Le député néo-démocrate Alexandre Boulerice, qui s'est dit «d'accord sur le fond» avec le principe de légaliser le cannabis, reproche lui aussi aux libéraux d'avoir fait la sourde oreille au nom d'un «échéancier artificiel» qui n'a selon lui aucune raison d'être.

«La date de juillet 2018 est absolument arbitraire. Il n'y a vraiment aucune raison de précipiter les choses», a-t-il tranché en mêlée de presse, accusant le gouvernement Trudeau d'avoir «empêché les parlementaires de faire le travail» en coupant court au débat en Chambre.

«C'est un sujet controversé, c'est un sujet de société sérieux. Je pense qu'on doit bien faire les choses. Là, on pile sur les pieds des provinces, on inquiète les forces policières», a tonné l'élu néo-démocrate dans le foyer des Communes peu avant le vote sur C-45.

Un conservateur défie la ligne de parti

Les libéraux n'avaient pas besoin de l'appui de l'opposition pour faire adopter C-45. La plateforme électorale libérale stipule que la ligne de parti s'applique dans le cas de mesures émanant de ladite plateforme - et la légalisation du cannabis fait partie de celles-là.

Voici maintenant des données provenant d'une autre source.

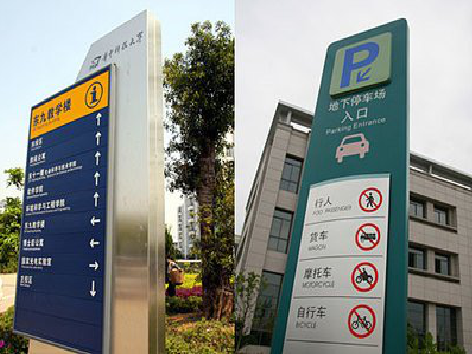 兴国导向标识的设计作用。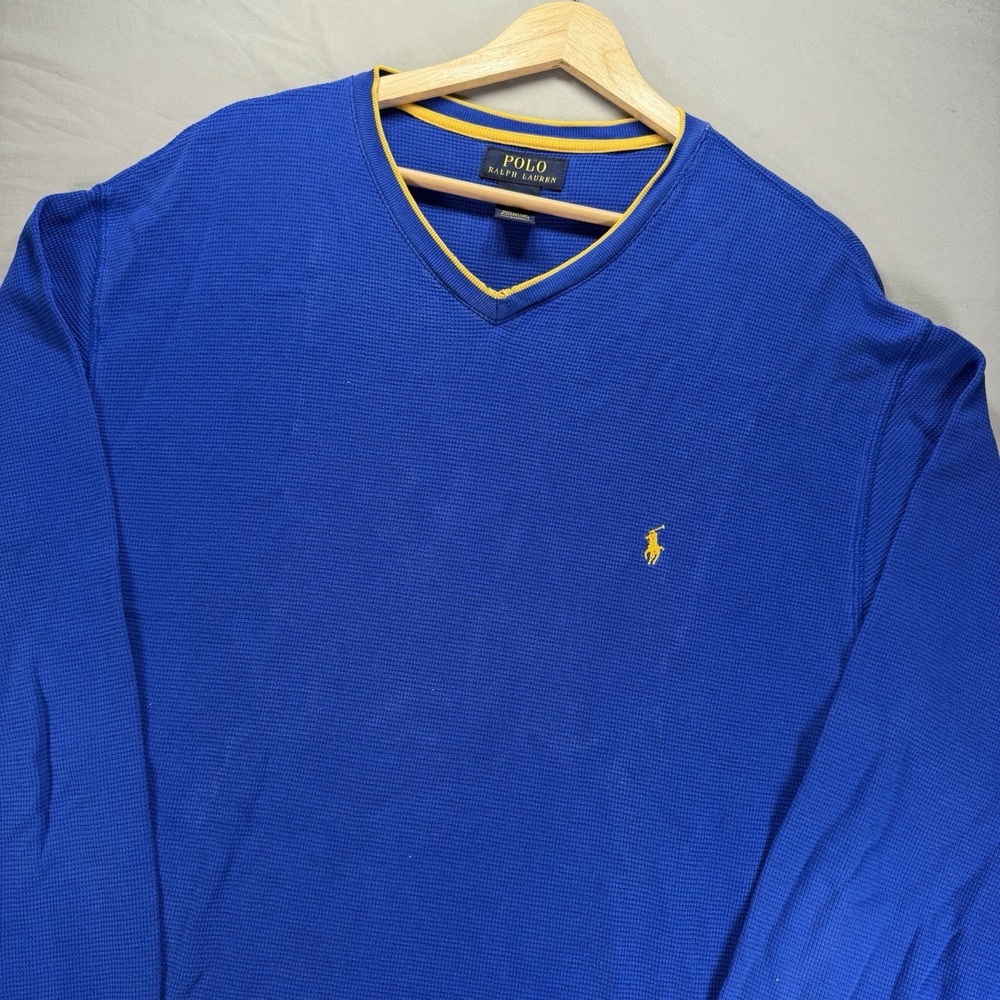 Polo Ralph Lauren Thermal Shirt Mens XL Long Sleeve Lounge Pony Sleep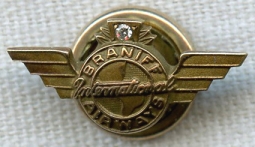 1950s Braniff International Airways 10K Lapel Pin by Haltom's
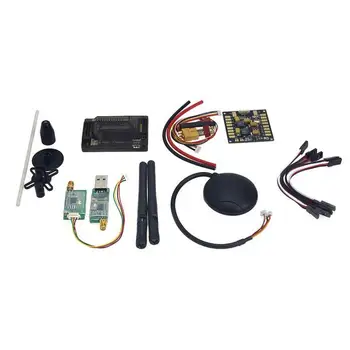 JMT DIY Drone Flight Control Kit APM2.8 Flight Control +6M GPS+GPS Folding Antenna+3DR Radio Telemetry Kit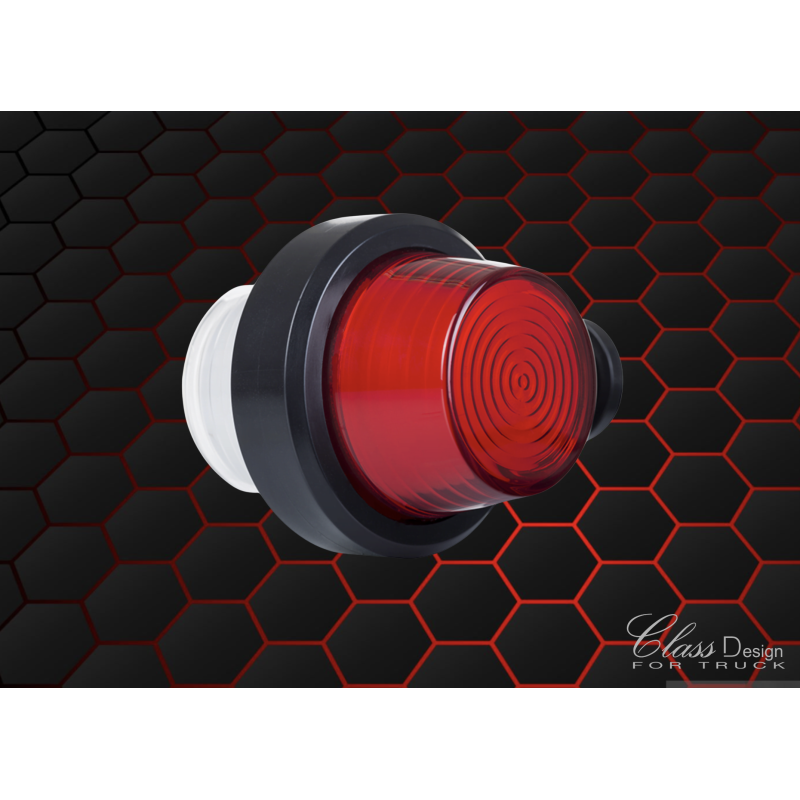 Bouliche Néon Blanc/Rouge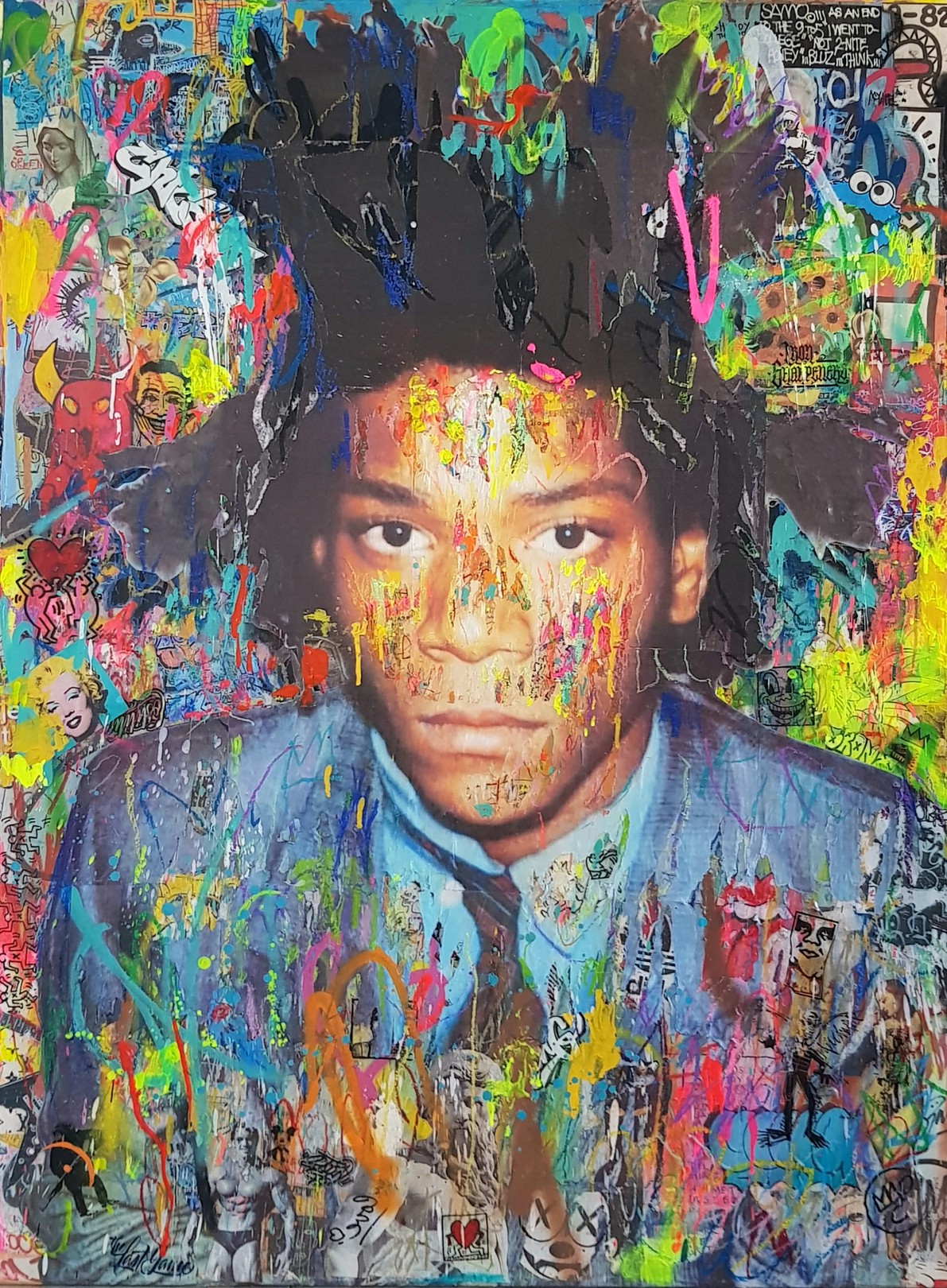 Maria De Campos, Tribute Basquiat Maria De Campos, Tribute Basquiat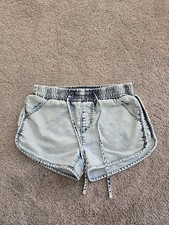 Mossimo Denim Women's Pull-on Shorts Elastic Waist Size Small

Mais en plus du soutien des troupes néo-démocrates, ils ont obtenu celui du député conservateur Scott Reid. L'élu a défié la ligne de son parti pour honorer la volonté exprimée par les commettants de sa circonscription dans un référendum.

Le député ontarien, personnellement en faveur de la légalisation du cannabis, avait appuyé le projet de loi C-45 en deuxième lecture, mais avait remis son vote final entre les mains des électeurs de sa circonscription Lanark-Frontenac-Kingston.

Il avait annoncé sur son compte Twitter que le oui l'avait emporté sur le non à 55 pour cent contre 44 pour cent, écrivant que C-45 avait selon lui «des lacunes significatives» et qu'il appuierait donc une motion (conservatrice) «demandant un renvoi au comité pour étude plus approfondie».

Les élus conservateurs qui siègent au comité permanent de la santé de la Chambre des communes n'avaient proposé aucun amendement lors de l'étude intensive de la mesure législative, en septembre dernier.

«Le travail des conservateurs là-dessus est assez étrange et assez paradoxal, mais je vais les laisser s'expliquer sur leur stratégie», a commenté Alexandre Boulerice lorsqu'on lui a demandé s'il percevait une incohérence entre les paroles et les gestes du Parti conservateur dans ce dossier.